At Lazarus House in County Mayo, the path of Dublin ex-con Larry (Donal O'Kelly), on one last job to steal a statue of the Virgin Mary, crosses with Sister Martha (Sorcha Fox), a Scottish nun. A roll of film, brought with her from Nigeria on a clandestine mission to expose Scarab Oil's corrupt business dealings, leads to Larry and Martha racing against the clock on unreliable wheels to get to Dublin. To add to the discomfort of their journey, dangerous criminals are on their tail while Larry's rear end hurts like Hell, thanks to an accident with his shattered cell phone.

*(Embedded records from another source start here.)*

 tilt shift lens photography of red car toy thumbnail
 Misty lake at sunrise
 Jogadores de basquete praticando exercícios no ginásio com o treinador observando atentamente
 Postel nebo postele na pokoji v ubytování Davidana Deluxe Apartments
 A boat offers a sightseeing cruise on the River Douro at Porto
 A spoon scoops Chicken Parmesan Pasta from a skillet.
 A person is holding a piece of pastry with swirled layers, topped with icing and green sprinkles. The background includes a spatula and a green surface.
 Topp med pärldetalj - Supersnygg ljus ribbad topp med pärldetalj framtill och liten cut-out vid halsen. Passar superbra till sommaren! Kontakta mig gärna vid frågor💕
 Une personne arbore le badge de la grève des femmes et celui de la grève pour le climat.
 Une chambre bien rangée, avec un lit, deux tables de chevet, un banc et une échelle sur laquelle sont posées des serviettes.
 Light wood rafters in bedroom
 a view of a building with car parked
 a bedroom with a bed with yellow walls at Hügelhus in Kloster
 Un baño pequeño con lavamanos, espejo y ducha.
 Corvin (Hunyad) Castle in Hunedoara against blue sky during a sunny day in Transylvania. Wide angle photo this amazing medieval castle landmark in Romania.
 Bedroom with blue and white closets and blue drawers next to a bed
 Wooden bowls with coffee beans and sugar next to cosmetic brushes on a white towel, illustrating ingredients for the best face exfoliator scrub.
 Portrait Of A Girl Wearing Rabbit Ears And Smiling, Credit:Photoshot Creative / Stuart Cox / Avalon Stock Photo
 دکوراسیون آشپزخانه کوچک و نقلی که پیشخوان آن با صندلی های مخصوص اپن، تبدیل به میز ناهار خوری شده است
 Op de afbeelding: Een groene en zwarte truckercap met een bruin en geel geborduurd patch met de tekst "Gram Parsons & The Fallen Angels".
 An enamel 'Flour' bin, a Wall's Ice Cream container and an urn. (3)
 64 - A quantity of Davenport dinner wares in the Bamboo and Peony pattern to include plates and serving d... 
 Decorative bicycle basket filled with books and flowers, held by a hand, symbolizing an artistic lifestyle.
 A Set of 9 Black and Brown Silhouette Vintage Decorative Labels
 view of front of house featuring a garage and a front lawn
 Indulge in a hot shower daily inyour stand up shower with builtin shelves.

Origin Theatre Company's 1st Irish Festival has returned for its eighth consecutive year. By the end of its five week run, 122 Irish playwrights will have been presented to New York audiences. Jim Culleton, Artistic Director of Ireland's Fishamble: The New Play Company, keeps a proficiently tight director's grip on this fast-moving play, Little Thing, Big Thing, written by and starring Donal O'Kelly and co-starring Sorcha Fox.
A small time crook plus a nun on the run may be indigenous to popular storytelling, but Fox and O'Kelly's outstanding performances succeed in filling out the framework of both the main and minor roles with depth, pathos and believability. Part crime caper, part road play, Little Thing, Big Thing takes us on a wildly imaginative tour from the beautifully rugged County Mayo to the River Liffey and scene-setting landmarks of Dublin. In other parts, playwright O'Kelly's language is rich and colorful enough to rival sentences lifted from the pages of Flann O'Brien or James Joyce. The dialogue between Larry and Sister Martha, as well as the additional cast of characters that the two actors play, hops easily from snappy, street savvy Dublin vernacular to lyrical prose. Actions spoken as internal thoughts add to the intrigue. Larry ticks all the boxes for the affable rogue while swear word shunning Sister Martha keeps this double-act afloat with her conflicting prudence.
In Lazarus House and the more sinister scenes, John Comiskey's use of light and looming shadows, towering above Larry and Sister Martha, are further accentuated by the rumble of Carl Kennedy's tension-building sound effects. Elsewhere, Larry's two renditions of "Wand'rin' Star" produce different emotional responses, while the sight of a leaping salmon provides a metaphor for turning a little thing into a big thing, as in the right yet risky thing to do. Little Thing, Big Thing has hit the 59E59 Theaters stage running; a must-see.